Megagate SoC designs require a different verification strategy than designs of yore. Designs with a well planned verification methodology will get to market first. With die sizes increasing and the migration to 90-nm design rules under way, design and verification complexity is outpacing existing methodologies.
Managing verification complexity demands levels of abstraction higher than the register-transfer level (RTL). Automated verification processes are mandatory for the lower levels of abstraction. There also is a pressing need for statistical Spice analysis for design yields. This less deterministic form of verification allows for "fuzzy" variations in process, operating environment, and operating life of the end product.

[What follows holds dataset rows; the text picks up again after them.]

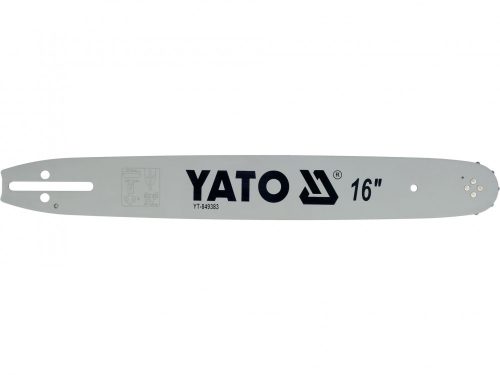 YATO pílová lišta l= 16"/ 40 cm (56 článkov) 3/8" (9,52 mm) T-0,05" (1,3 mm)(YT-849383)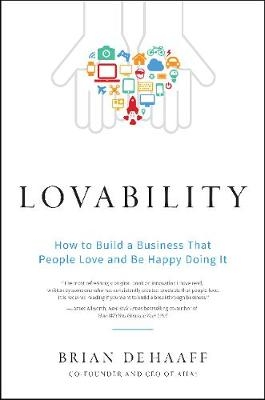 Lovability - Brian De Haaff
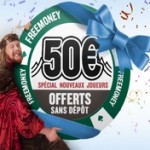 Offre de bienvenue sur Everest poker : 50 euros offerts sans dépôt avec le code promo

Today's SoCs carry a vast amount of densely packed interconnects combined with smaller VDD supply rails. The result is more nets with noise problems. This calls for analog analysis of the impact on digital behavior, in turn requiring a combination of static and dynamic methods to unravel.
In addition to tackling verification at higher levels of abstraction, such as timed and untimed transactional models, designers will begin moving toward partitioned verification. The divide-and-conquer approach is a practical means of achieving automatic verification at the transistor level. Divide-and-conquer is enforced because the EDA world still has separate verification engines for digital and analog designers. When it comes to the power-analysis side in particular, verification tools for 90- and 65-nm processes must be able to analyze both digital HDL and analog transistor-level blocks using a combination of static and dynamic methods.
RTL design handoff continues to gain ground, replacing gate-level handoff for ASIC, customer-owned tooling (COT), and structured ASIC implementations. Front-end design planning and RTL virtual prototyping have become firmly entrenched in many system houses' design methodologies. Such flows enable designers to find and fix downstream problems before lengthy and costly synthesis and place-and-route iterations.
SoC design methodologies are moving to a platform-based, application-specific form, requiring EDA tools that incorporate application-specific design expertise. Such trends will be particularly relevant to analog and RF design because a lack of experienced designers will be quickly exposed if tools can't apply some intelligence of their own.